Balanced Binary Tree

Problem Statement

Given a binary tree, return true if it is height-balanced and false otherwise.

A height-balanced binary tree is defined as a binary tree in which the left and right subtrees of every node differ in height by no more than 1.

Example 1:

# Input: root = [1,2,3,null,null,4]
# Output: True

Example 2:

# Input: root = [1,2,3,null,null,4,null,5]
# Output: False

Example 3:

# Input: root = []
# Output: True

Constraints:

• The number of nodes in the tree is in the range [0, 1000].
• -1000 <= Node.val <= 1000

You should aim for a solution with O(n) time and O(n) space, where n is the number of nodes in the tree.

Recommended Time and Space Complexity

You should aim for a solution with O(n) time and O(n) space, where n is the number of nodes in the tree.

Hint 1

A brute force solution would involve traversing every node and checking whether the tree rooted at each node is balanced by computing the heights of its left and right subtrees.
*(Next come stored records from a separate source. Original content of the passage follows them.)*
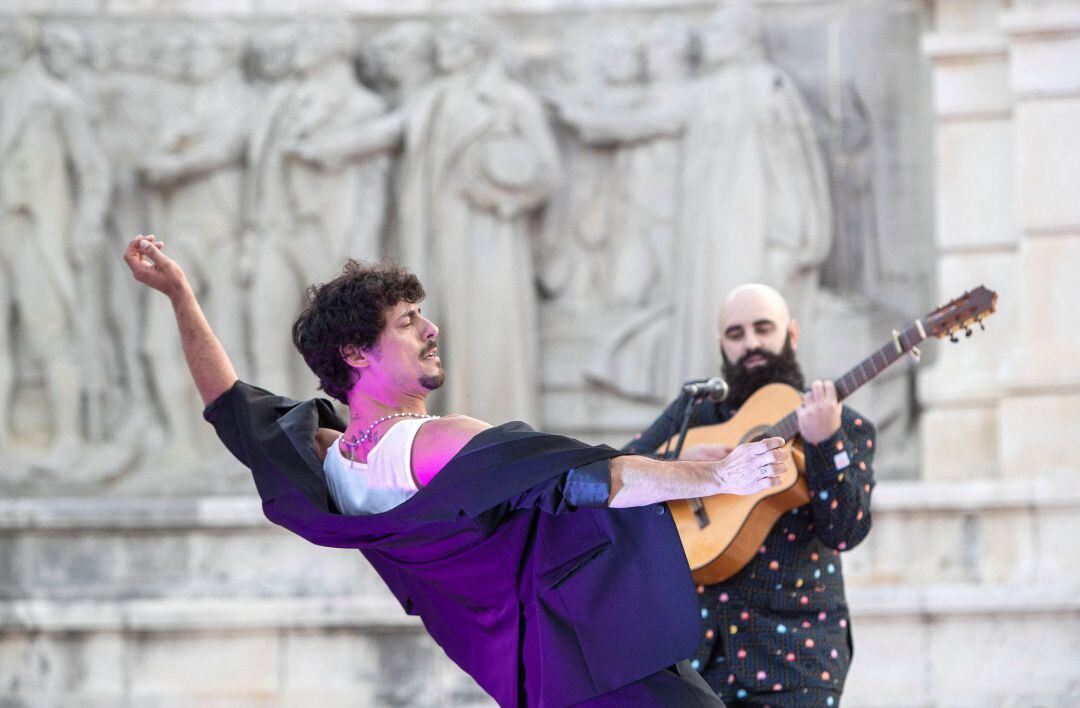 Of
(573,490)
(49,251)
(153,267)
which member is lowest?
(573,490)

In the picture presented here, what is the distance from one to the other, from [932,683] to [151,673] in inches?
121

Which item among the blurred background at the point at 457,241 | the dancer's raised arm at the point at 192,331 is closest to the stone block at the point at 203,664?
the blurred background at the point at 457,241

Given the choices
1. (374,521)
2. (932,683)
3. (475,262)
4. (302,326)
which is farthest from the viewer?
(475,262)

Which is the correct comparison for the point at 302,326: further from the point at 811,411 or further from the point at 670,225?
the point at 670,225

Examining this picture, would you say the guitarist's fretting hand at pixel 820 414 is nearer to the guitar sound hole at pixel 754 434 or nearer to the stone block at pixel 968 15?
the guitar sound hole at pixel 754 434

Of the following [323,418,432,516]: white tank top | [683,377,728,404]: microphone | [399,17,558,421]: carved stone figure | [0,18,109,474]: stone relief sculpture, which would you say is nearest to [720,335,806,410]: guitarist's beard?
[683,377,728,404]: microphone

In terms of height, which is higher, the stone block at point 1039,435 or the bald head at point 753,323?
the bald head at point 753,323

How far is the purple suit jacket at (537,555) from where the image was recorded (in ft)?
9.80

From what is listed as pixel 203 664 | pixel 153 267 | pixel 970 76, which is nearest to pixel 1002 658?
pixel 970 76

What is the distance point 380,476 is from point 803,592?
1118 mm

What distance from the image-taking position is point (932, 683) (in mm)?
6598

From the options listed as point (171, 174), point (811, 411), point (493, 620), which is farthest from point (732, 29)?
point (493, 620)

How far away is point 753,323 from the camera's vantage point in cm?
407

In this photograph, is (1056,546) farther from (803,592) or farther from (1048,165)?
(803,592) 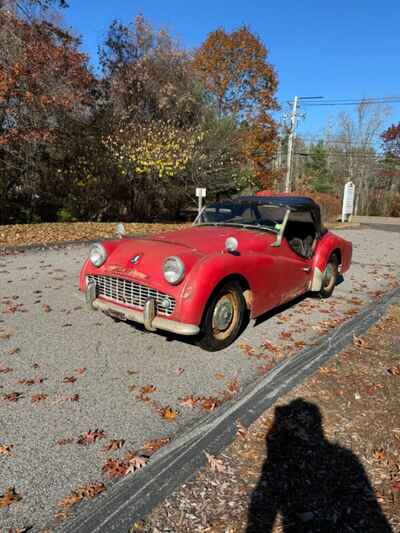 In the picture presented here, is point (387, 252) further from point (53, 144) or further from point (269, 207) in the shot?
point (53, 144)

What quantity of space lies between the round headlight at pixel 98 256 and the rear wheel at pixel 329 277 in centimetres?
347

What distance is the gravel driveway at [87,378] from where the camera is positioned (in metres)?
2.19

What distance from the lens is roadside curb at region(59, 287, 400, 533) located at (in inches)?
73.4

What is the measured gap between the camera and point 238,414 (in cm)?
274

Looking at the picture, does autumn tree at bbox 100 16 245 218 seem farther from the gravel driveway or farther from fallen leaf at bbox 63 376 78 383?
fallen leaf at bbox 63 376 78 383

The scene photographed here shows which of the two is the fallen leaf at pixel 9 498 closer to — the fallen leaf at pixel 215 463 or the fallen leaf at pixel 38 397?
the fallen leaf at pixel 38 397

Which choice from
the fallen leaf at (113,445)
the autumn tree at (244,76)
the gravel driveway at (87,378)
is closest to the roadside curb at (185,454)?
the gravel driveway at (87,378)

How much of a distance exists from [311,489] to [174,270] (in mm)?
2022

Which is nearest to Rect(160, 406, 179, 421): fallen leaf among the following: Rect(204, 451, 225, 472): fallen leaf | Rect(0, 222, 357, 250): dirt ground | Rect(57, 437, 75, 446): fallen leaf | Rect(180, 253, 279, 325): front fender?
Rect(204, 451, 225, 472): fallen leaf

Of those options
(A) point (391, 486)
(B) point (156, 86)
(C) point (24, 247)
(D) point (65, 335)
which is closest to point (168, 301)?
(D) point (65, 335)

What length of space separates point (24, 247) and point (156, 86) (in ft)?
34.3

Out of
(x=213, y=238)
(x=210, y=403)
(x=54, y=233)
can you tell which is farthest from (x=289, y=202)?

This approach would result in an O(n^2) solution. Can you think of a more efficient way? Perhaps you could avoid repeatedly computing the heights for every node by determining balance and height in a single traversal.

Hint 2

We can use the Depth First Search (DFS) algorithm to compute the heights at each node. While calculating the heights of the left and right subtrees, we also check if the tree rooted at the current node is balanced. If leftHeight - rightHeight > 1, we update a global variable, such as isBalanced = False. After traversing all the nodes, the value of isBalanced indicates whether the entire tree is balanced or not.

Solution

Brute Force

# Definition for a binary tree node.
class TreeNode:
    def __init__(self, val=0, left=None, right=None):
        self.val = val
        self.left = left
        self.right = right


def is_balanced(root: Optional[TreeNode]) -> bool:
    if not root:
        return True

    left_height = height(root.left)
    right_height = height(root.right)
    if abs(left_height - right_height) > 1:
        return False
    return is_balanced(root.left) and is_balanced(root.right)


def height(root: Optional[TreeNode]) -> int:
    if not root:
        return 0

    return 1 + max(height(root.left), height(root.right))

Time complexity: O(n ^ 2) Space complexity: O(n)